CPCBCCR Data Scraper

Scrapes data from CPCB's CCR dashboard.

Disclaimer

The work in this repo builds on top of the work done by Thejesh GN. I take no responsibility for Thej's work and Thej takes no responsibility for the work I have done in this repo. Please contact individual authors for any queries.

Code

This code uses the data.db file for everything.

First order of business is to set up the sites table in the db.

1. How to set up sites in DB

Add your sites to CSV

Go to CPCB's CCR website and select the state, city and station of your choice.
Open the Network tab in Dev Tools and click 'Submit' on the webpage.
In the Network tab, click on the POST request called fetch_table_data. Under the Request tab you'll see the payload of the request. Scroll to filtersToApply > parameterNames > station and copy the station code which should look something like - site_123.
Edit sites.csv and add the state, city, site and site_name.
Leave the header row as is. Leave the remaining columns blank.
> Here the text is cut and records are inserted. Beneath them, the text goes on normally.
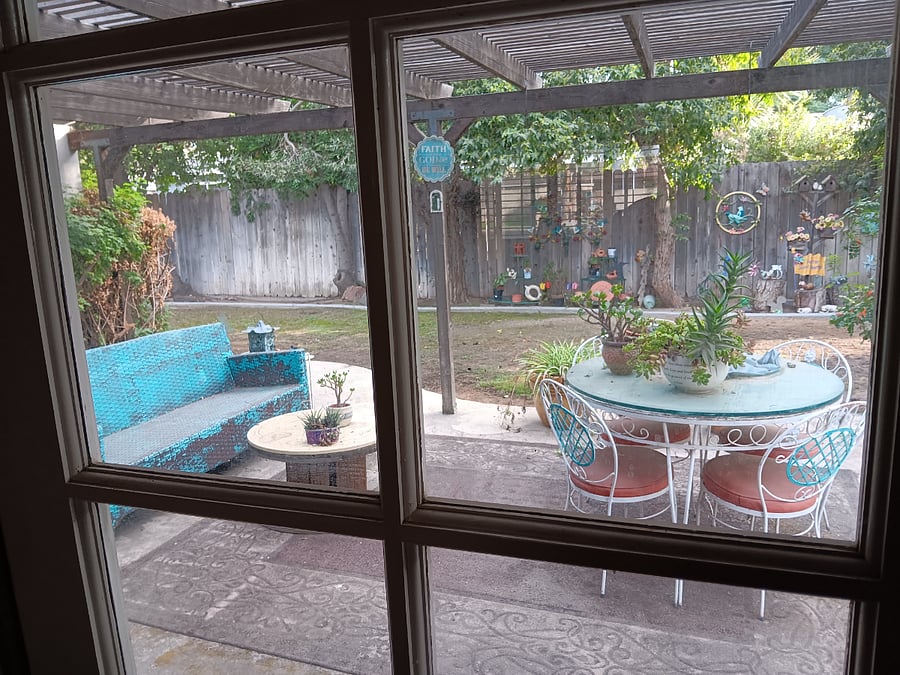 View of patio from dining room door.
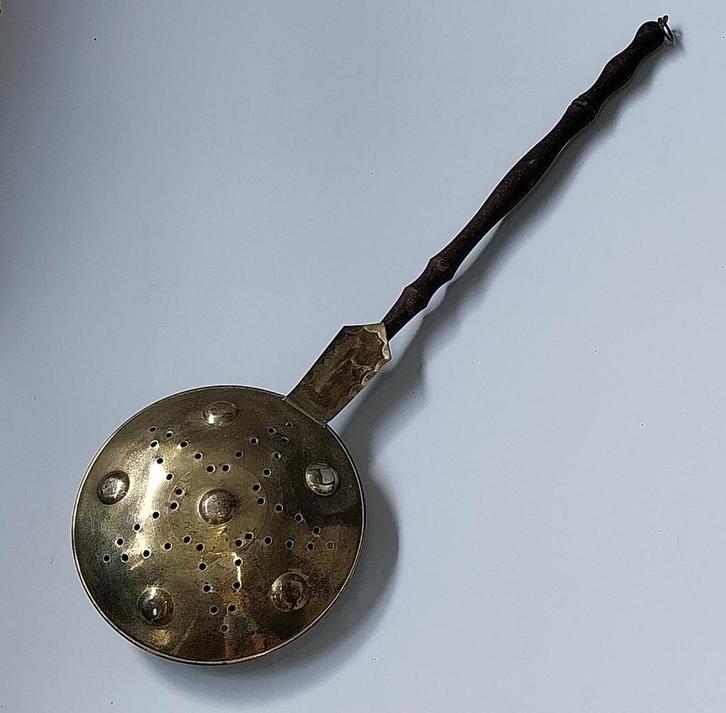 Koperen/Messing Bedpan / beddenverwarmer eind 19e eeuw, Antiek en Kunst, Antiek | Koper en Brons, Ophalen of Verzenden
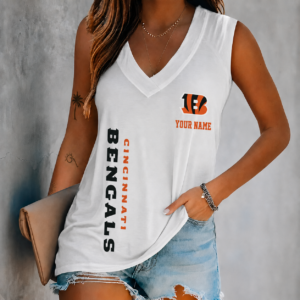 Limited Edition – Customized NFL Cincinnati Bengals Women’s V-Neck Tank Top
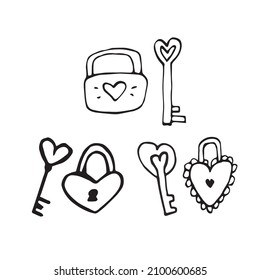 Lock of love with key. Vector romantic illustration. Wedding day. 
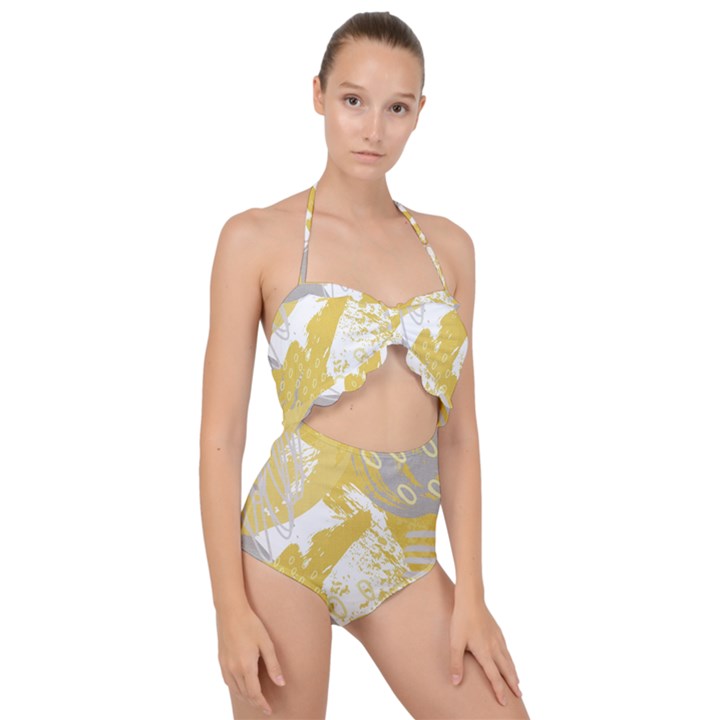 Ochre yellow and grey abstract Scallop Top Cut Out Swimsuit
Get available parameters for each site

Use csvjson.com's csv2json tool to create a sites.json file out of your edited sites.csv. Save that JSON in your root directory.
Run yarn or npm install in your root directory.
Run node cpcb_station_params.js and you'll get a sites_with_params.json file which expands sites.json by adding the list of available parameters for each site.
Use csvjson.com's json2csv tool to create a CSV and save it as sites_with_params.csv in your root directory.

Add the sites data to db

Download and install a tool like DB Browser for SQLite
Open the data.db file using DB Browser
Click on Import > Table from CSV and select the sites_with_params.csv file from before. Save this table named as sites. You can delete the pre-existing sites table to replace it.

2. Scrape the data

Now that your sites are set up, you can begin to scrape data.

Use python3 and install the requests, dataset and sqlite3 modules using pip. (Ideally inside a virtualenv using requirements.txt)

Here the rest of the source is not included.